Mississippi Republican Sen. Thad Cochran, who chairs the powerful Appropriations Committee, will leave his seat effective April 1, citing his health issues, meaning both U.S. Senate seats in the state will be on the ballot this fall.
“I regret my health has become an ongoing challenge,” Cochran said in a statement. “I intend to fulfill my responsibilities and commitments to the people of Mississippi and the Senate through the completion of the 2018 appropriations cycle, after which I will formally retire from the U.S. Senate.”
Cochran’s announcement means Mississippi will now have two Senate seats up for grabs in November. It comes the week after conservative firebrand state Sen. Chris McDaniel — who unsuccessfully challenged Cochran in a 2014 primary — announced he’d take on Sen. Roger Wicker in this year’s GOP primary. Neither McDaniel nor a campaign aide immediately returned CNN calls and texts asking whether he will now shift to the race to replace Cochran.
Republican Gov. Phil Bryant will appoint a replacement for Cochran to hold the seat until a November special election. A Mississippi Republican operative said an early list of names to watch as potential Bryant appointees includes state House Speaker Philip Gunn, Lt. Gov. Tate Reeves, secretary of state Delbert Hosemann, state auditor Stacey Pickering and agriculture commissioner Cindy Hyde-Smith.

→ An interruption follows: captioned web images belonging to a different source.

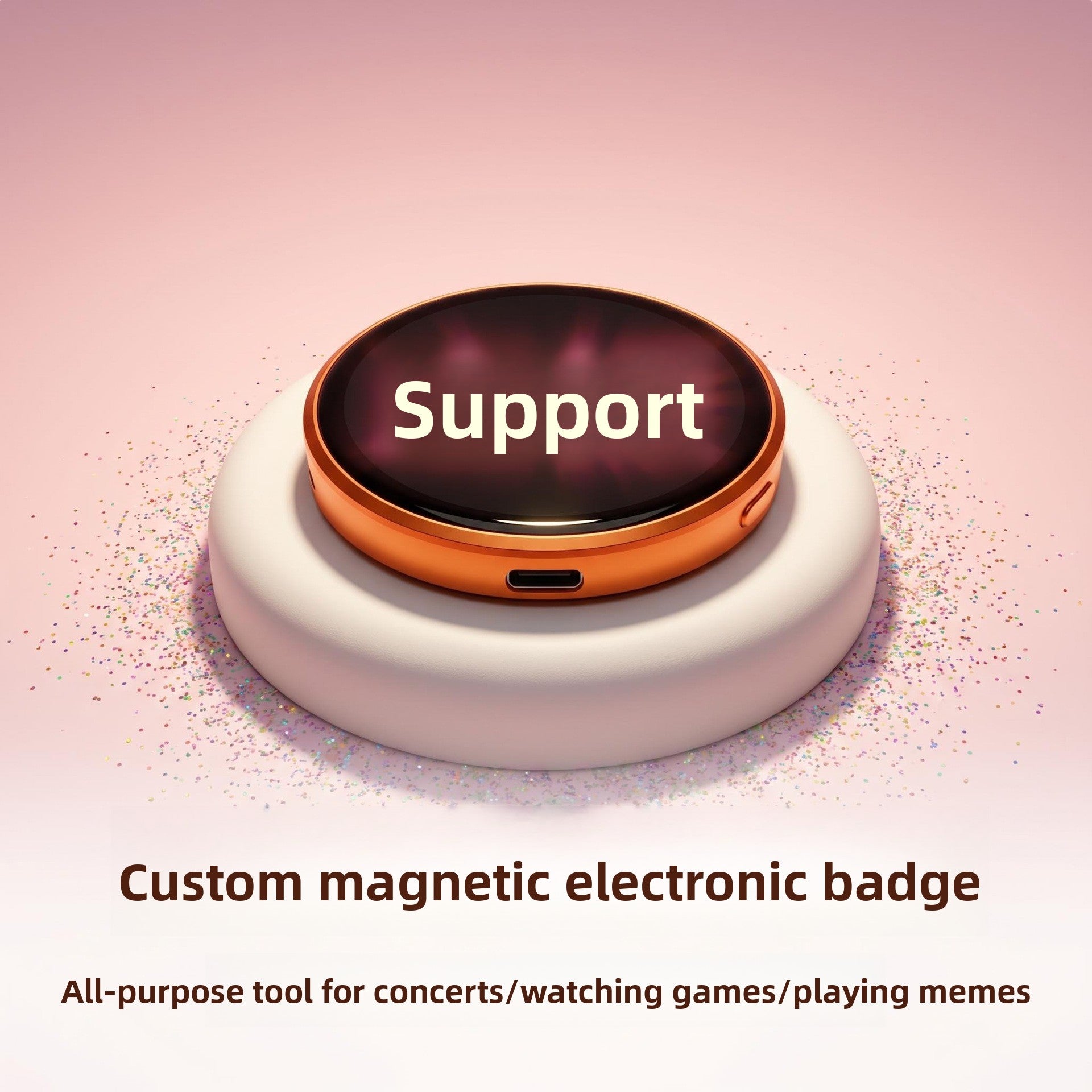 Touchscreen Dynamic Badge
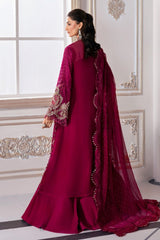 Mbroidered By Maria B Unstitched 3 Piece Wedding Collection'2025-BD-3003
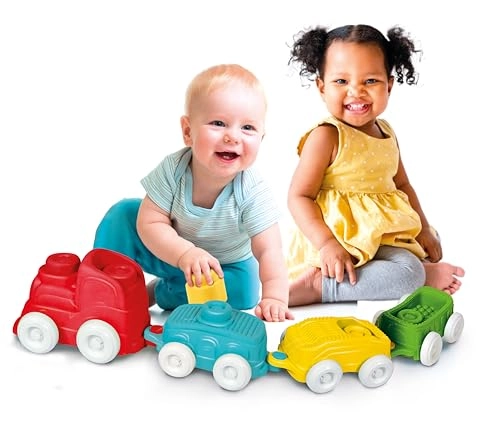 Soft Clemmy Sensory Train - 6 months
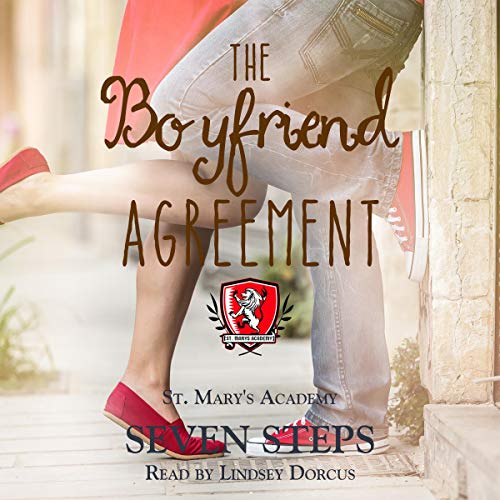 Cover of The Boyfriend Agreement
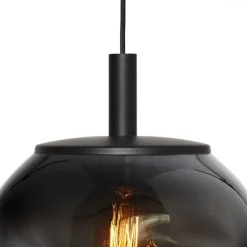 Lampa wisząca AVIA BLACK S kolor Czarny (11152108) - KASPA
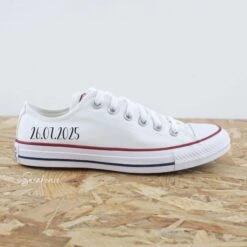 Just Married Et Date - Converse Custom Mariage 13 Just Married Et Date - Converse Custom Mariage -Sneakers Boutique 5L4A2504copie2heart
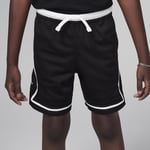 Jordan Dri-FIT Sport Little Kids Diamond Şort (Siyah, 85D313-023), Siyah, 6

A unique quirk that brings the potential for chaos in that special election: That special election will be a “jungle” race in which the candidates appear on the ballot with no party affiliation listed. If no one tops 50 percent, the top two finishers would advance to a runoff.
The Clarion Ledger reported that Bryant isn’t interested in appointing himself to the seat, despite The Washington Post’s report that Senate Majority Leader Mitch McConnell and President Donald Trump have urged him to do so in the event that Cochran stepped down.
Cochran’s declining health
The 80-year-old’s health declined in the last few years and he is currently serving his seventh term in the Senate. He was absent from his duties in the Senate for a few weeks last fall with a urinary tract infection.
Longtime Senate aides, who observed Cochran regularly, noted privately that the senator seemed to have slowed down mentally in recent years but they acknowledge it’s difficult to tell to what degree.
Cochran is the 10th longest-serving senator in history. In 1972, Cochran was elected into Congress and served until 1978, when he was elected into the Senate. He was the first Republican in more than 100 years to win a statewide election in Mississippi.
“I’ve done my best to make decisions in the best interests of our nation, and my beloved state,” Cochran said in his statement Monday. “My top concern has always been my constituents in Mississippi. My hope is by making this announcement now, a smooth transition can be ensured so their voice will continue to be heard in Washington, D.C.”